2005 NCAA Bowling Championship

Tournament details
- Dates: April 2005
- Teams: 8

Final positions
- Champions: Nebraska (2nd title)
- Runners-up: Central Missouri State (2nd title match)

Tournament statistics
- Matches played: 14
- Attendance: 556 (40 per match)

Awards
- Best player: Amanda Burgoyne (Nebraska)

= 2005 NCAA Bowling Championship =

The 2005 NCAA Bowling Championship was the second annual tournament to determine the national champion of women's NCAA collegiate ten-pin bowling. The tournament was played at Wekiva Lanes in Orlando, Florida during April 2005.

Nebraska defeated Central Missouri State in the championship match, 4 games to 2, to win their second consecutive national title. This was a rematch of the previous year's final, also won by Nebraska. The Cornhuskers were coached by Bill Straub.

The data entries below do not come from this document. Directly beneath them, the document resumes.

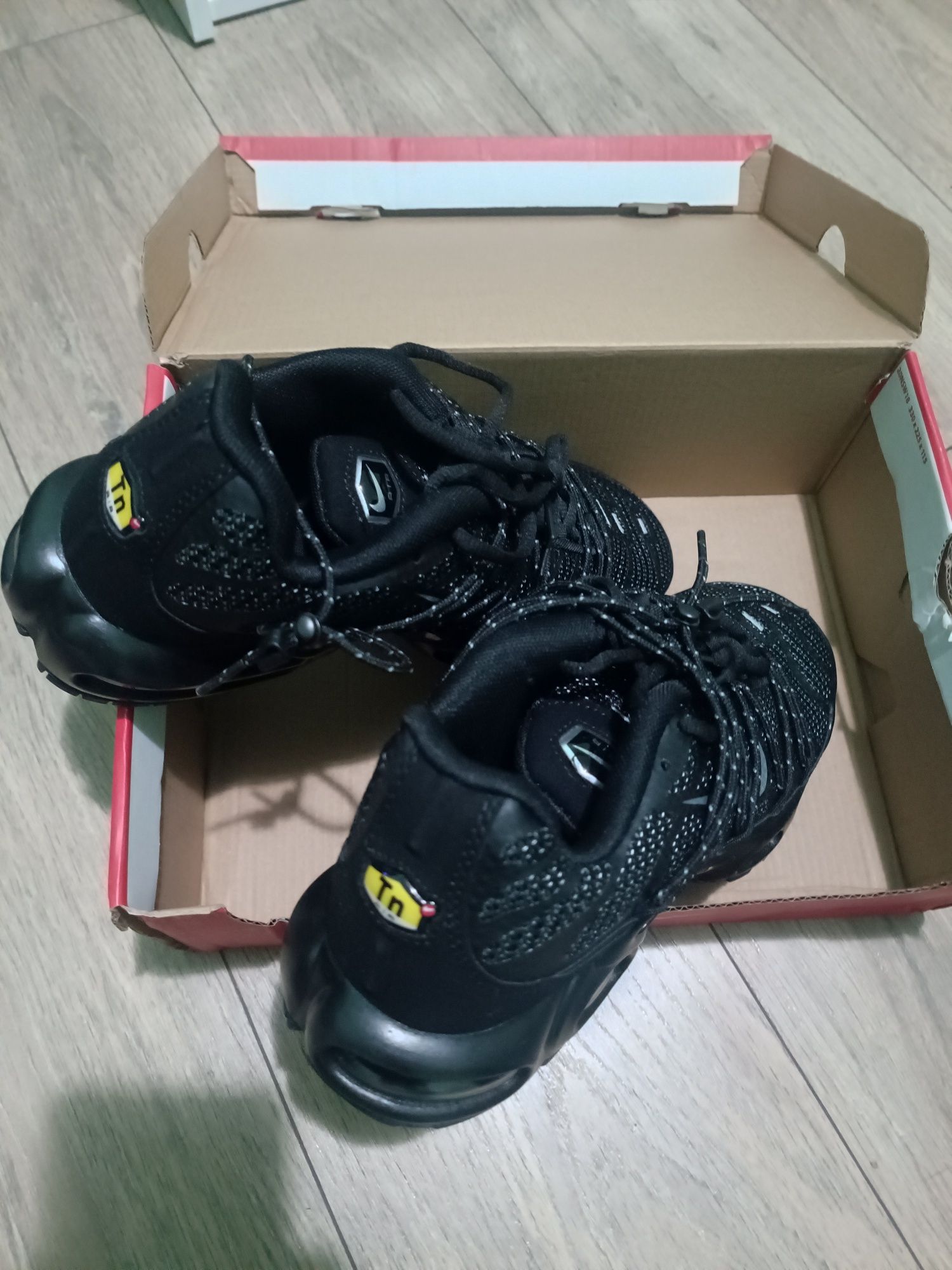 Обувки - Nike Air Max Tn | 44 номер ~ Чисто Нови
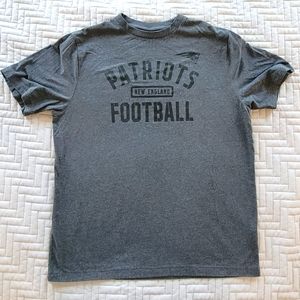 XL Patriots Football Short Sleeve T-Shirt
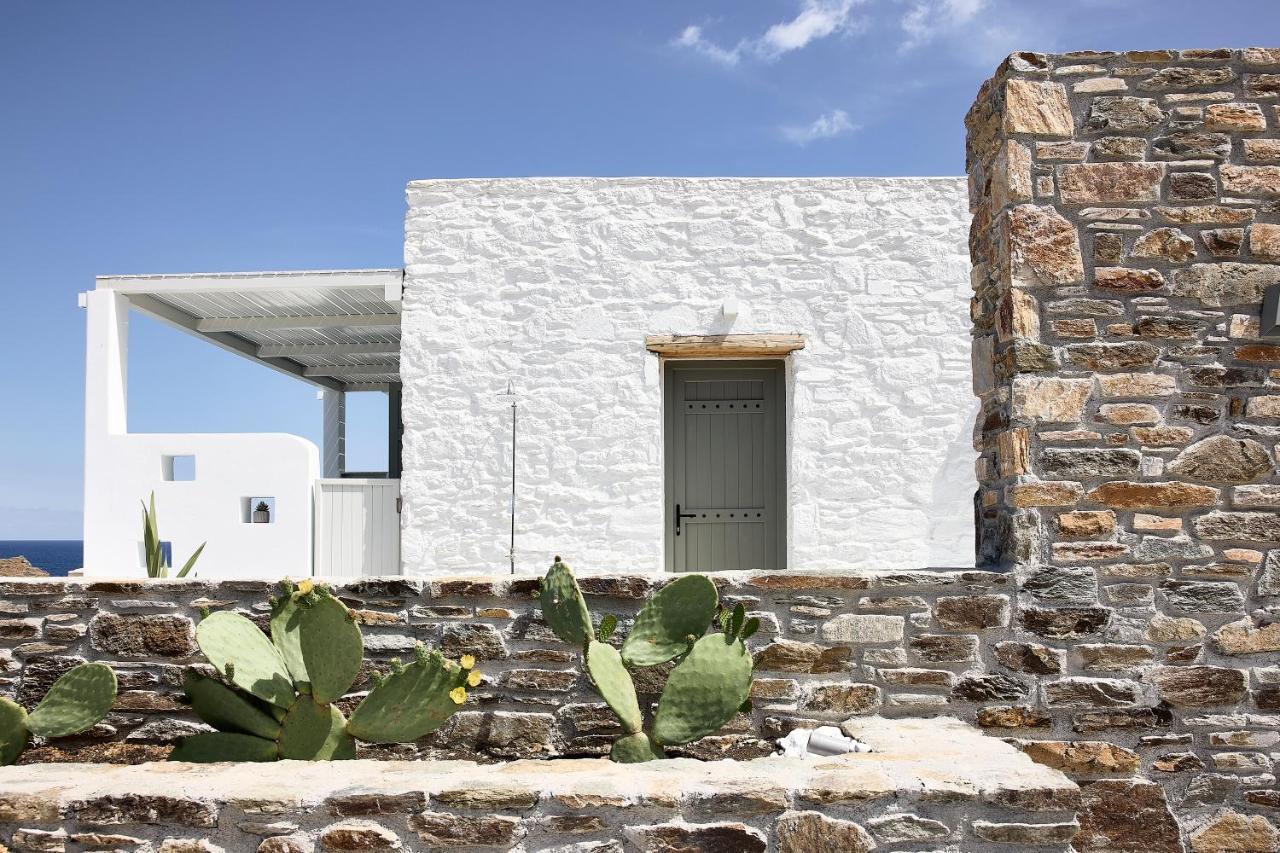 Wise Luxury Suites Kythnos Exterior photo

The tournament's Most outstanding bowler was Amanda Burgoyne from Nebraska. An All-tournament team of five bowlers was also named.

==Qualification==
Since there is only one national collegiate championship for women's bowling, all NCAA bowling programs (whether from Division I, Division II, or Division III) were eligible. A total of 8 teams were invited to contest this championship, which consisted of a double-elimination style tournament.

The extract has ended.